Выныривая, мальчик поставил мокрую Нюху, держа ее за плечи.
— Нравится?
Она стояла молча. По намокшим волосам стекали невидимые тонкие струйки, вспыхивая медленными огнями, и плечи под его пальцами тоже светились.
Опуская мокрое лицо и оглядывая темную голову, широкие плечи и грудь Олеги, сказала тихо:
— О-о-о!
И смеясь, опять повалились в ночные огни.
Выныривая и целуя мокрые губы, Олега думал урывками, как хорошо… что я никому… хорошо, что она вот. Видела раньше, может, но кивает, будто в первый раз. И ладно. У нас с ней это в первый раз вместе, потому — правда…
Накупавшись, вышли из воды и, прижимаясь друг к другу, двинулись обратно, шлепая по мелкой воде. Недалеко от смутной россыпи палаток Нюха остановилась, подняла руки, отжимая волосы.
— Ты иди. Я побуду еще. Немножко. Мне надо.

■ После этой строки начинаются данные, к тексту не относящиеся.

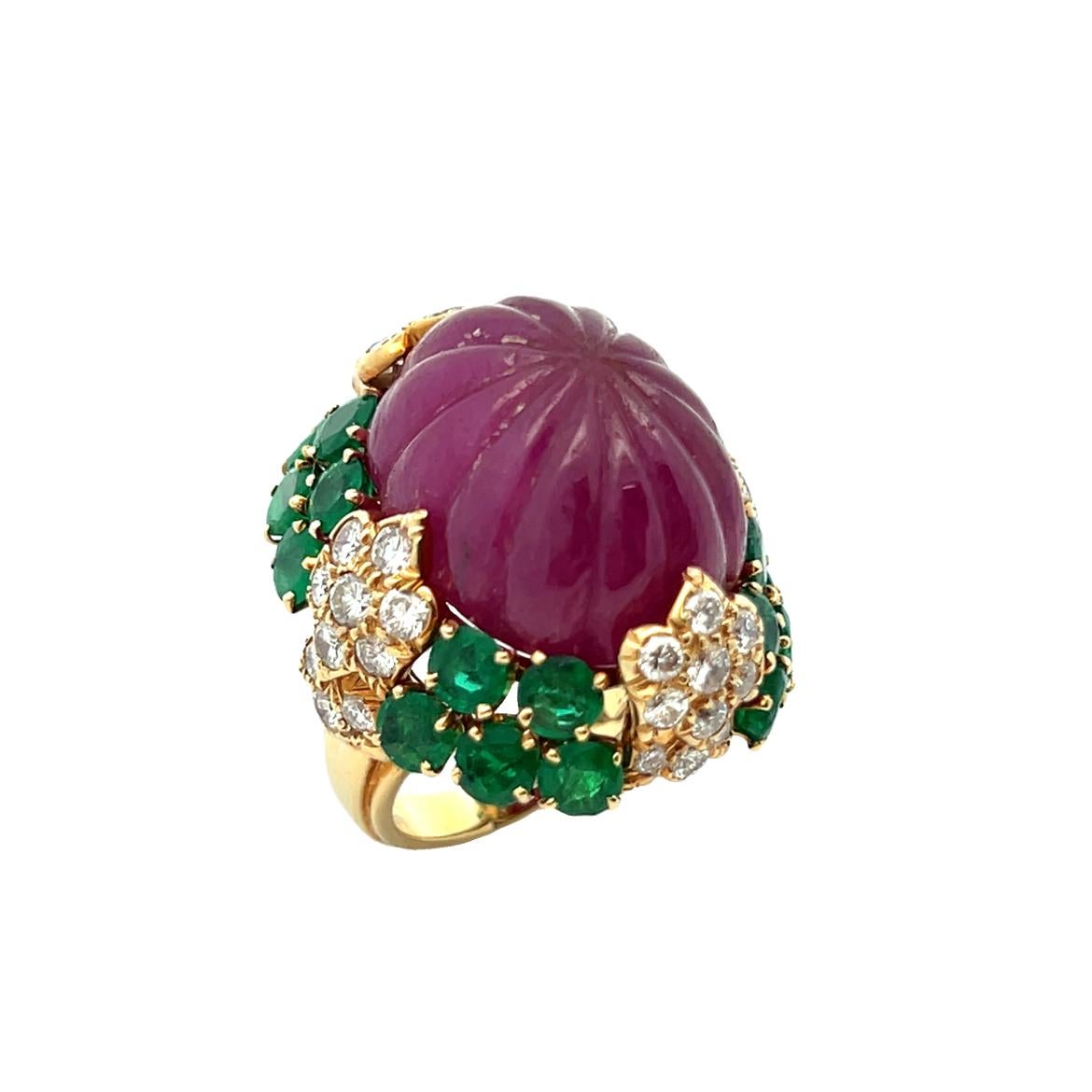David Webb Carved Ruby Emerald and Diamond Ring For Sale 4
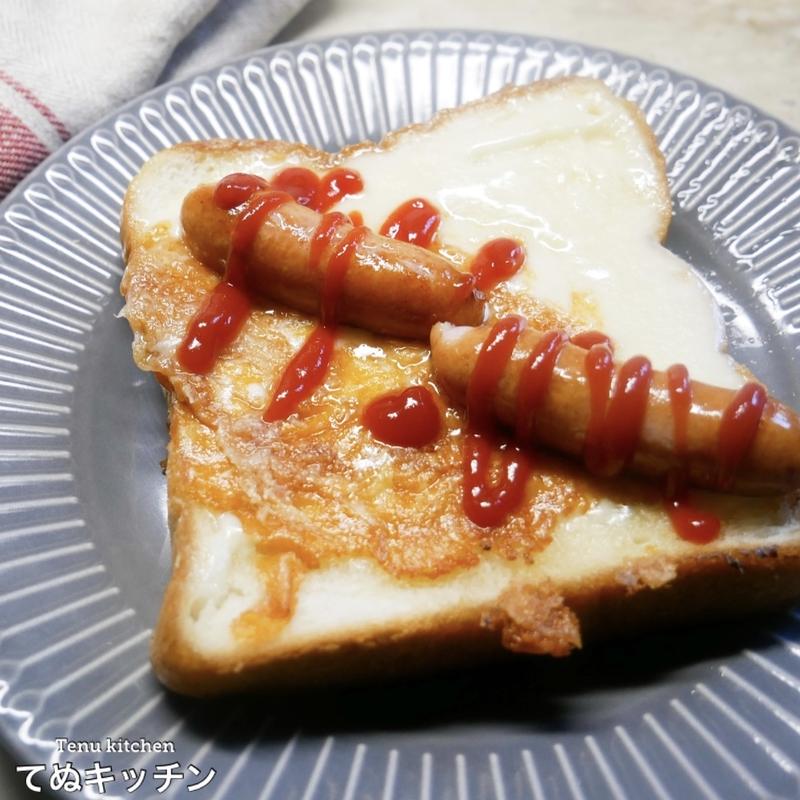 これマジで美味しすぎてヤバい..！一番好きな食パンとソーセージの食べ方です！『揚げパンホットドッグ』の作り方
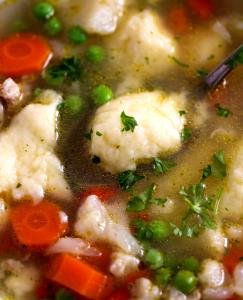 100 G Chicken Soup with Dumplings and Potatoes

— Не замерзла? Хочешь, я полотенце?..
— Иди.
Он уже знал, по-другому с ней не бывает, потому еще раз поцеловал и пошел к палатке, разок только, не удержавшись, предупредил шепотом:
— Смотри. Никуда не девайся.
— Да.
Она осталась совсем одна, но палатки мешали, гудели свое смутной белизной и цветом, и потому Нюха, держа в руке мокрые плавки, которые сняла, чтоб после купания не мерзнуть, ушла дальше, по направлению к другому краю бухты. Шла, слушая ночные цвета и силуэты. Деревья, серебрясь в высокой неяркой луне узкими листьями, капали звуками, те, одинаковые, стекали с каждого острия, и падая, исчезали в песке, там превращаясь в шепоты, которые шли уже не вниз, а в стороны, ветвя себя под ногами и россыпями ракушек. Сами ракушки, ожидая тихого шага по своим ребристым створкам, попискивали вразнобой, и писк был розовым, в белую крапку. Море пело себя. Этот звук был полным и радостным, настоящим, к нему уже не нужно было ничего добавлять, но слыша его щекой и мокрым плечом, Нюха уверенно кивнула, — когда утром между берегом и горизонтом пройдут рыбачьи лодки, песня не станет хуже, она так сильна, что все принимает в себя, без трещин и повреждений. И так же, только в миллион раз сильнее пело над головой полное звезд и невидимых облаков небо. Это было так… так… невыносимо, что оглядываясь в центре темной ночной чаши мира, Нюха села на плоский теплый камень, опираясь тонкими руками в колючие ракушки. И заплакала. Засмеялась.
От берега, за ее спиной, вразнобой голосили травы, их песни состояли из запахов и очертаний. И среди них, таких разных, составляющих сложнейшую, сплетенную, перемешанную многоуровневую гармонию, некоторые запахи были успокаивающе цельными. Она знала их все, и все любила. Полынь. Не та высокая, которая, если размять веточку пальцами, пахнет собой и раненой зеленью, будто кричит, упрекая. А другая, пушистая, серо-зеленая, нежная. В ее запахе никакого упрека, только степь и чистота летней жары, осенних дождей, зимнего ветра. И весна в ней тоже есть.